エレミヤ書50章17〜20節、28〜32節

「その牧場に帰らせる」

 

 エレミヤ50章は、バビロン帝国に対する預言である。「わたしはアッシリアの王を罰したように、バビロンの王とその国を罰する。」(18) かつて世界の覇者であったアッシリア帝国がバビロン帝国に滅ぼされたように、バビロン帝国もまた神様の御手によって裁きを受けると予告する。この予告通り、約55年後、ペルシア帝国によってバビロンは滅ぶ。

 そしてこの時、同時にイスラエルの回復が起こる。「わたしはイスラエルをその牧場に帰らせる。」(19) 牧場とは、神様ご自身のことであろう(7)。神様がイスラエルの罪を赦してくださり、神様との関係を回復させてくださる。そのしるしとして、イスラエルのエルサレム帰還が起こる。

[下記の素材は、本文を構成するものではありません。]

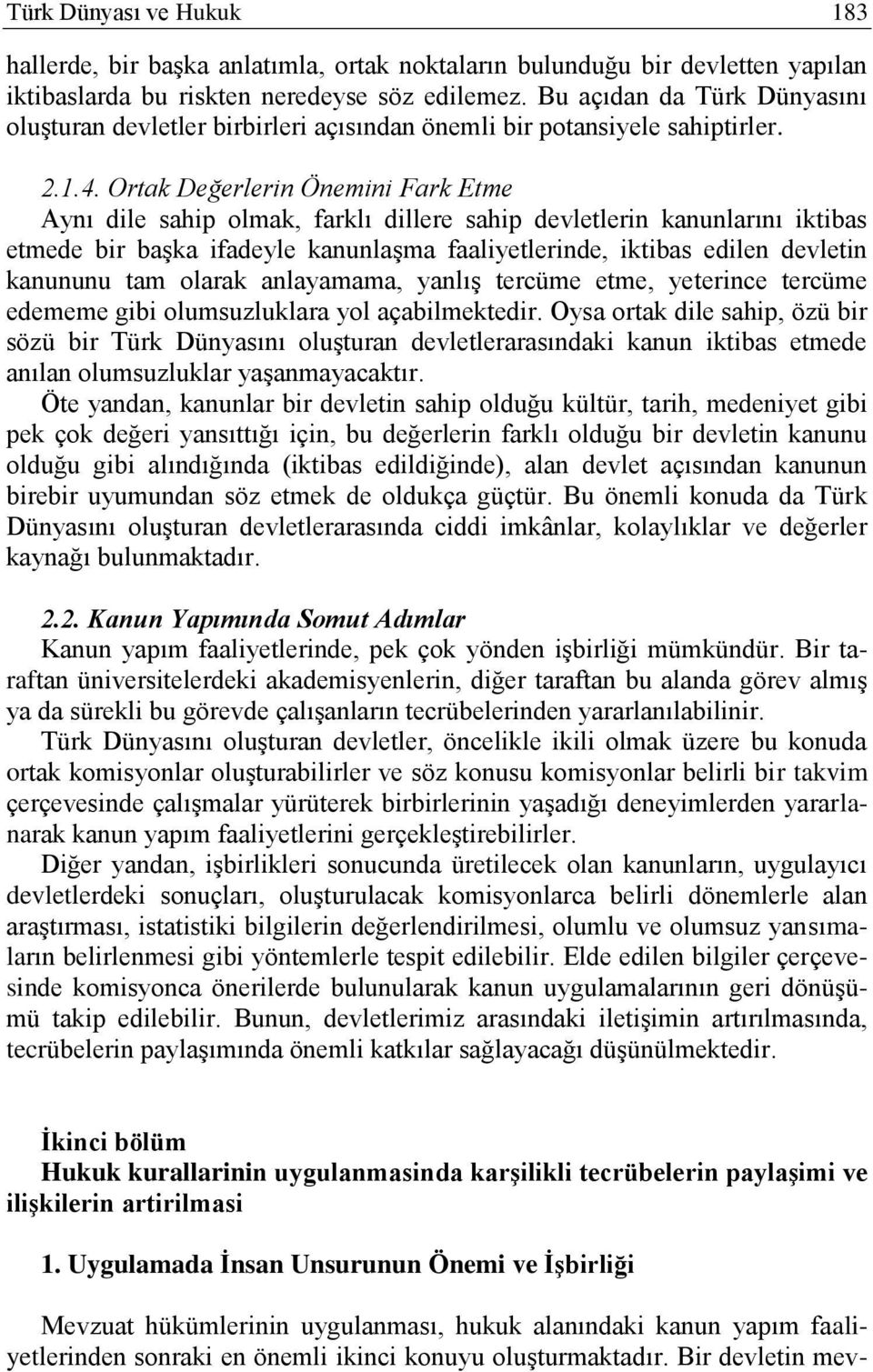 Ortak Değerlerin Önemini Fark Etme Aynı dile sahip olmak, farklı dillere sahip devletlerin kanunlarını iktibas etmede bir başka ifadeyle kanunlaşma faaliyetlerinde, iktibas edilen devletin kanununu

 神様は、バビロン滅亡とイスラエルのエルサレム帰還という将来起こる出来事を予告される。そしてその予告の通りのことをなさる。ここから、歴史の中で起こる様々な出来事の背後には、神様の御手が働いていることを知ることができる。私たちの人生にも、神様は目的とご計画をもっておられる。私たちは、自分と人生を共に歩んでくださるお方が、歴史を支配しておられるお方であることを覚えたい。

 預言者エレミヤは「涙の預言者」と言われる。それは、彼が神様から涙を流すような過酷な仕事をさせられたからではないだろう。むしろエレミヤは、神様の悲しみを共に悲しんだのである。エレミヤは人々に語っても聞いてもらえないという経験をしたが、それは神様ご自身が経験されたことだった。エレミヤはエジプトに亡命する人たちに連行されてしまうが、人々のわがままに振り回されたのは神様ご自身も同じであった。エレミヤが神様の悲しみを共に悲しんだのは、神様の友となったことを意味する。あなたが神様によって回復を与えられたなら、あなたもまた、神様の友として生きることが期待されている。